The Difference Between Public Relations and Advertising

One of the things many people ask about public relations is what is the difference between public relations and advertising.  It is a common question that is asked time and time again.  Yet the two should not be confused.  Here are the differences between advertising and public relations:

  1. Advertising is paid placement. The company pays for the advertisement that is seen in the print publication, heard on the radio, or appears on television. The public knows that the advertisement is paid for by the company.  Public relations on the other hand is free and is earned by being included in a story or interview.  It provides an implied third party endorsement of a company’s product or service by the media.
  2. Message control. With advertising, the company pays for the message, controls what, where and when it will appear.  In public relations, there is not the control over the message.  The reporter determines what if anything they will report on.  If a company knows how to make its message timely and compelling, the chances are that the reporter will cover it.
  3. Consumer Perception. With paid advertising, the customer knows that the provided the message with the intention of trying to sell them something—be it a service or a product. When someone reads a third-party article written about a company’s service or product (or sees/hears coverage on television or radio), the message is perceived as non-biased and an endorsement by the media.

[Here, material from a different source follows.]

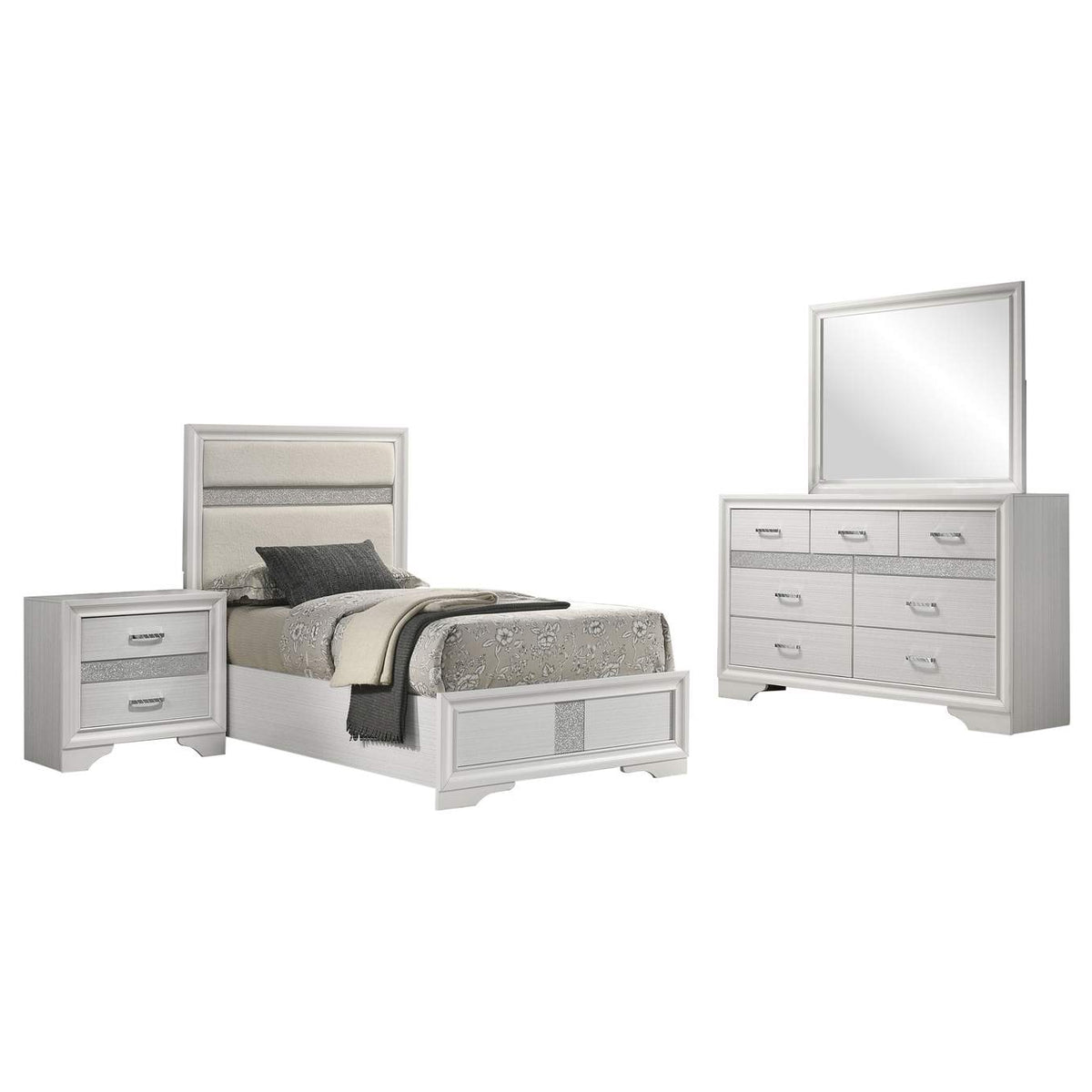 205110T-S4 Miranda 4-piece Twin Bedroom Set White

  4. An advertisement lasts as long as the company pays for it to run.  After that the advertisement disappears.  With public relations, the story lasts forever thanks to the internet leaving a viral footprint that is discovered time and again.  One client appeared in a newspaper article in 2006 discussing online shopping and that article still appears as a top search engine item for the client.  A television appearance can last forever thanks to YouTube, the television outlet’s archives, and also the transcript of the show.

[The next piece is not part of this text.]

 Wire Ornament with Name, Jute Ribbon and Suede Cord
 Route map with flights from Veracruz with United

  5. Point of contact. With advertising a sales representative is the main point contact when fulfilling an advertising campaign. With public relations, the point of contact are reporters, editors, and producers.
  6. An advertisement will never appear on the front page of a newspaper or be the lead on the nightly news.  In public relations, a news story can be on the front page and be the lead story on the nightly news giving a company extra weight in the court of public perception.

Can the difference between advertising and public relations be confusing?  Yes.  But the key to remember is that both are essential for a successful marketing program.